Extracted entries: Begin

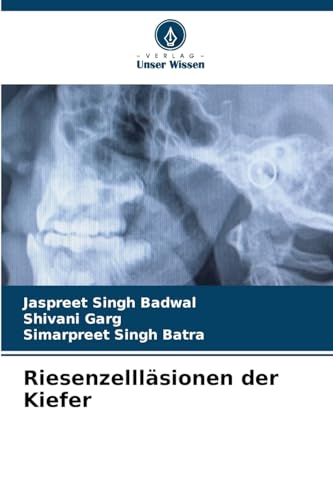 Riesenzellläsionen der Kiefer von Verlag Unser Wissen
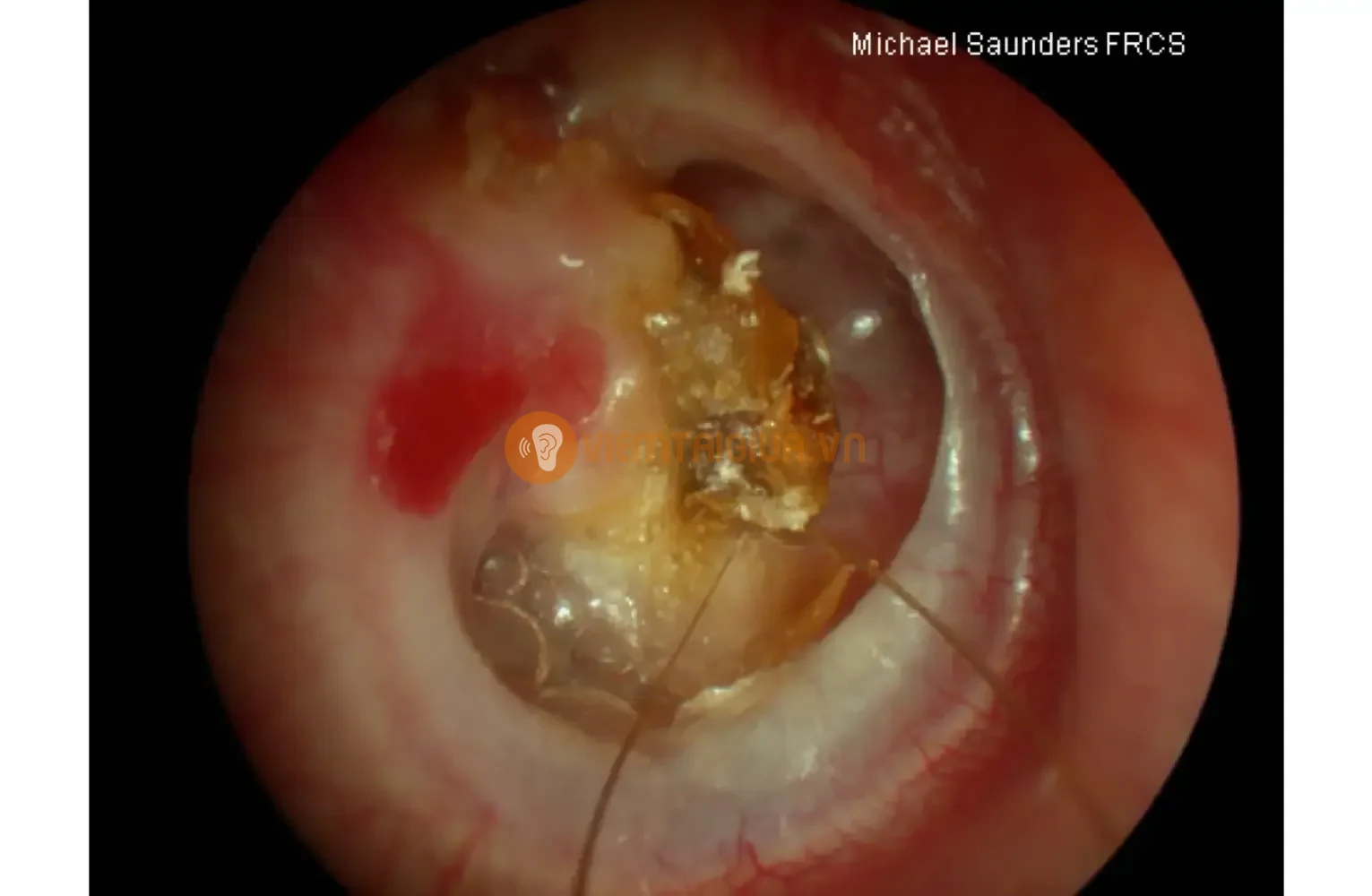 Khối u cholesteatoma chứa tế bào chết và bã nhờn bám chặt trên màng nhĩ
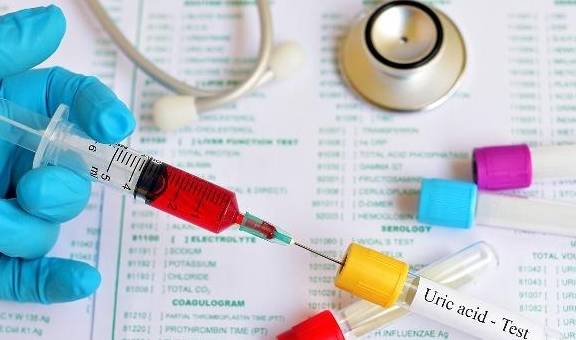 症状|高尿酸患者,身体若有3个“变化”,可能是肾衰竭早期信号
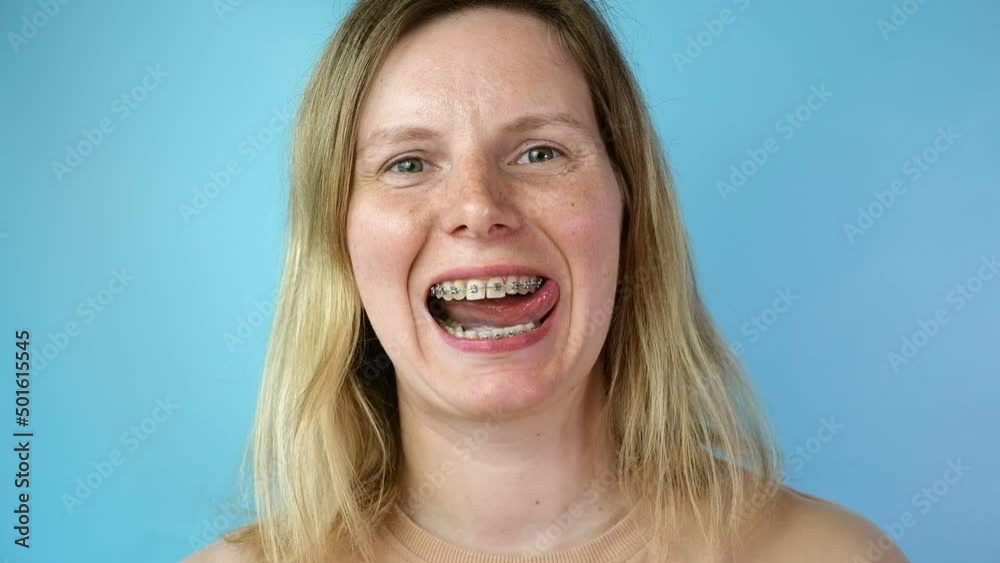 Young woman with dental braces laughing isolated on blue colour background. Studio. Cute lovely girl with metal braces on white clear teeth smiling in clinic. Close Up. Positive Emotion. Stomatology. Young woman with dental braces laughing isolated on blue colour background. Studio. Cute lovely girl with metal braces on white clear teeth smiling in clinic. Close Up. Positive Emotion. Stomatology.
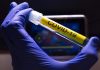 prueba-para-detectar-el-coronavirus-covid-19
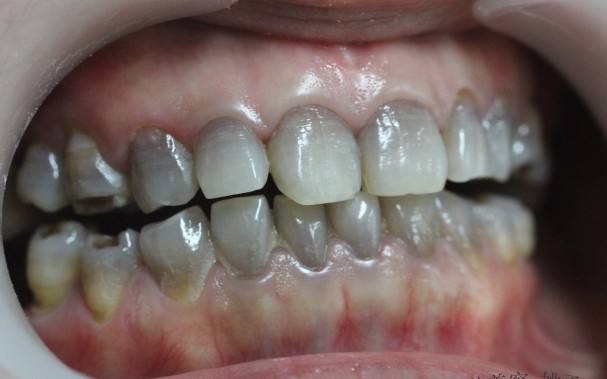 宝宝牙齿发黑是什么原因引起的,宝宝牙齿有点发黑是怎么回事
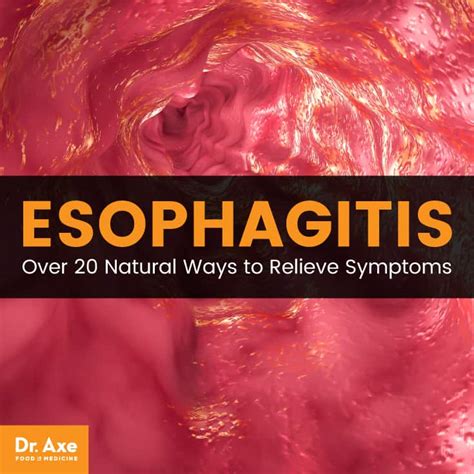 Esophagitis Causes Symptoms Natural Self Care Dr Axe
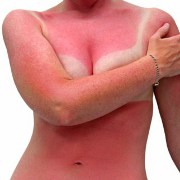 Sunburn related image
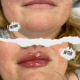 Lip Filler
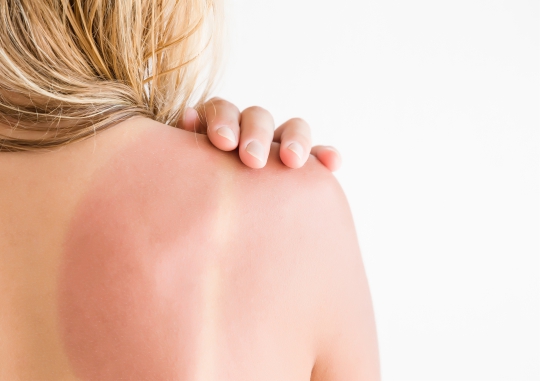 Woman with sunburn on her shoulders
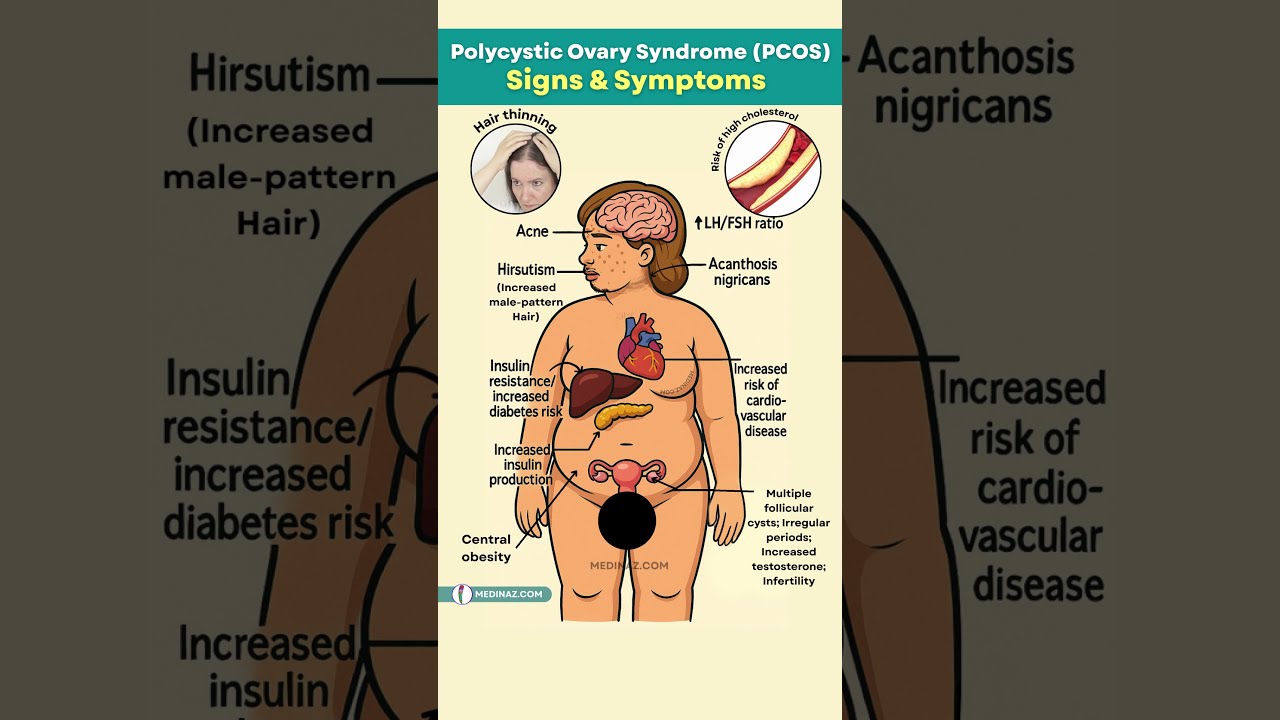 PCOS Signs & Symptoms - What Every Woman Should Know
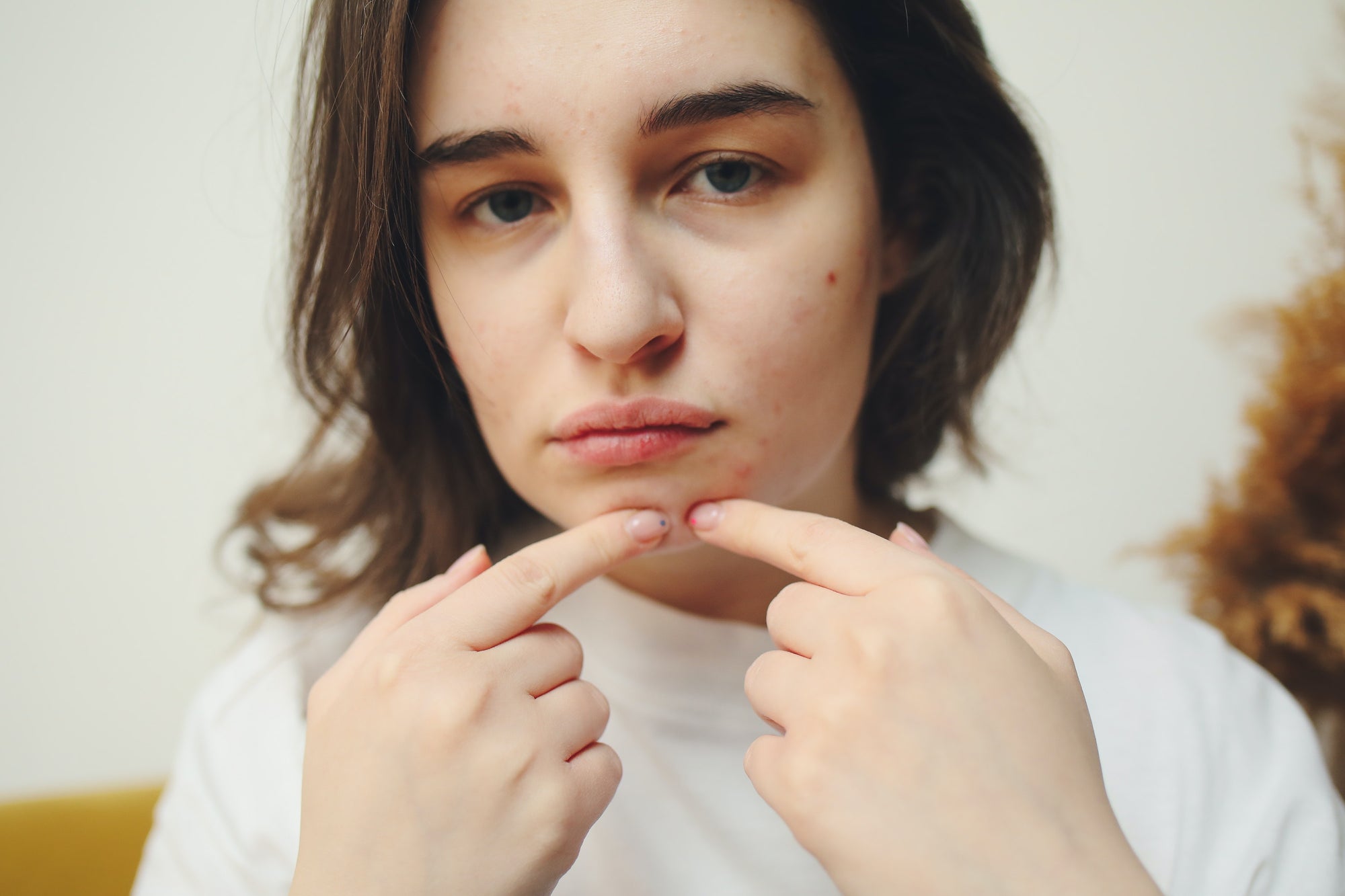 Achieving a Clear Complexion: Tips for Acne-Prone Skin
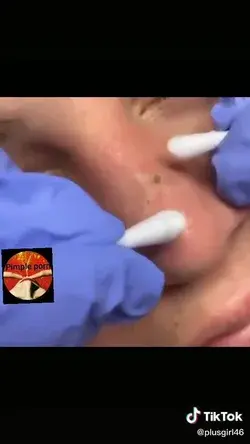 Blackheads removal so satisfying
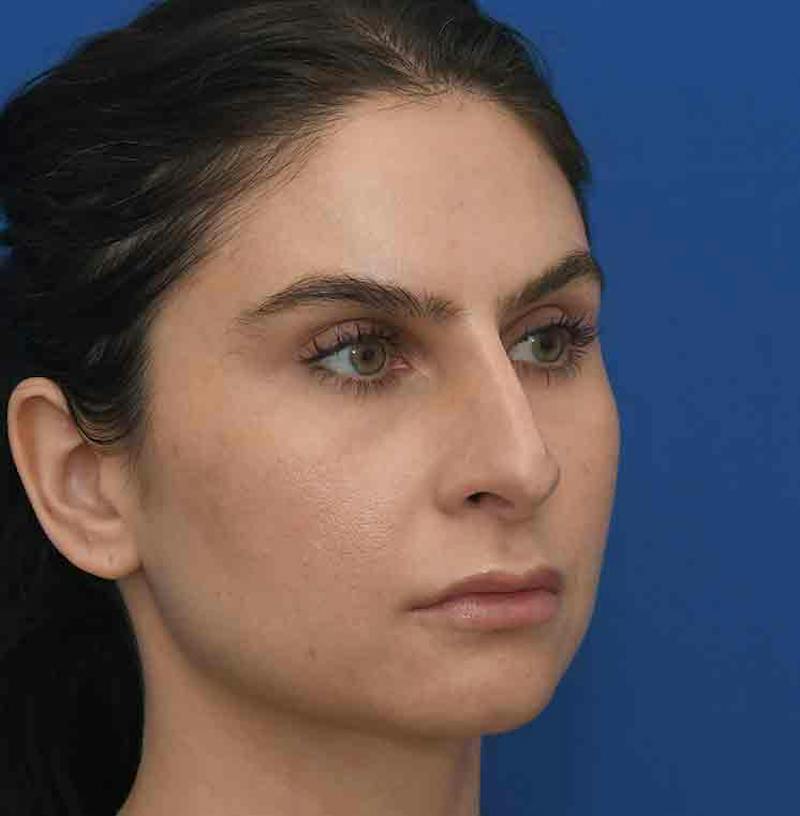 Rhinoplasty Before & After Gallery - Patient 348711 - Image 11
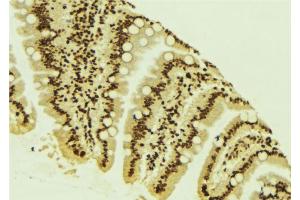 ABIN6266588 at 1/100 staining Mouse colon tissue by IHC-P. (MDM2 anticorps)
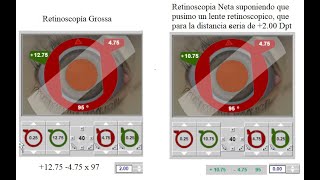 Todo lo que debes saber antes de usar el simulador de Retinoscopía Estática de Alcon [upl. by Enogitna]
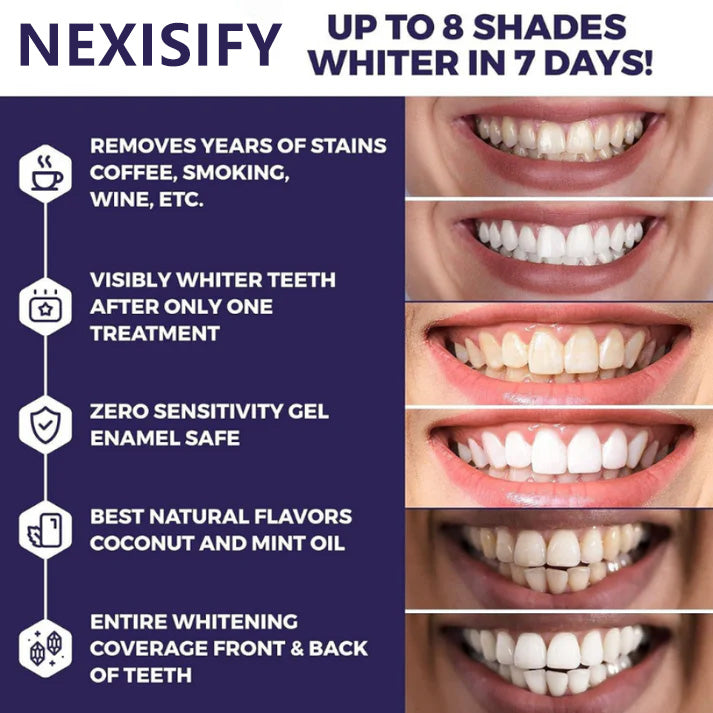 NEXISIFY Purple Teeth Whitening Strips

Extracted entries: End

▶ Required work:
Copy every record exactly, dropping the images.

▶ Exercise answer:
 Riesenzellläsionen der Kiefer von Verlag Unser Wissen
 Khối u cholesteatoma chứa tế bào chết và bã nhờn bám chặt trên màng nhĩ
 症状|高尿酸患者,身体若有3个“变化”,可能是肾衰竭早期信号
 Young woman with dental braces laughing isolated on blue colour background. Studio. Cute lovely girl with metal braces on white clear teeth smiling in clinic. Close Up. Positive Emotion. Stomatology. Young woman with dental braces laughing isolated on blue colour background. Studio. Cute lovely girl with metal braces on white clear teeth smiling in clinic. Close Up. Positive Emotion. Stomatology.
 prueba-para-detectar-el-coronavirus-covid-19
 宝宝牙齿发黑是什么原因引起的,宝宝牙齿有点发黑是怎么回事
 Esophagitis Causes Symptoms Natural Self Care Dr Axe
 Sunburn related image
 Lip Filler
 Woman with sunburn on her shoulders
 PCOS Signs & Symptoms - What Every Woman Should Know
 Achieving a Clear Complexion: Tips for Acne-Prone Skin
 Blackheads removal so satisfying
 Rhinoplasty Before & After Gallery - Patient 348711 - Image 11
 ABIN6266588 at 1/100 staining Mouse colon tissue by IHC-P. (MDM2 anticorps)
 Todo lo que debes saber antes de usar el simulador de Retinoscopía Estática de Alcon [upl. by Enogitna]
 NEXISIFY Purple Teeth Whitening Strips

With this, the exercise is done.